Segment Start: Supplied data

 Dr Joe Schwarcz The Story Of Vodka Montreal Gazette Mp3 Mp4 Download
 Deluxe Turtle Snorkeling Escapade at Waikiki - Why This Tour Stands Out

Segment End: Supplied data
Segment Start: Supplied data

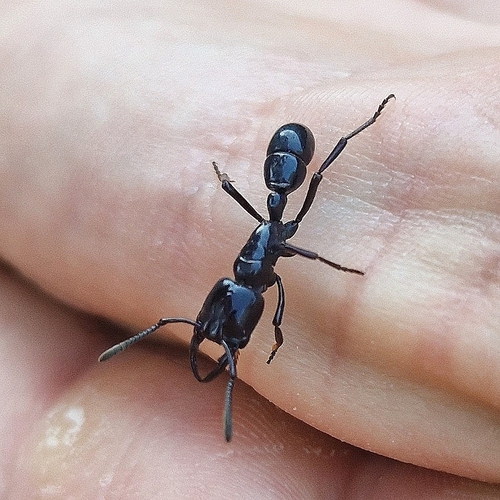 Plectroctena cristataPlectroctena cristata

Segment End: Supplied data

Exercise brief =>
Return, word for word, the lines of the data above from the line with "Dr Joe Schwarcz" through the line with "Deluxe Turtle Snorkeling", inclusive.

Answer section =>
 Dr Joe Schwarcz The Story Of Vodka Montreal Gazette Mp3 Mp4 Download
 Deluxe Turtle Snorkeling Escapade at Waikiki - Why This Tour Stands Out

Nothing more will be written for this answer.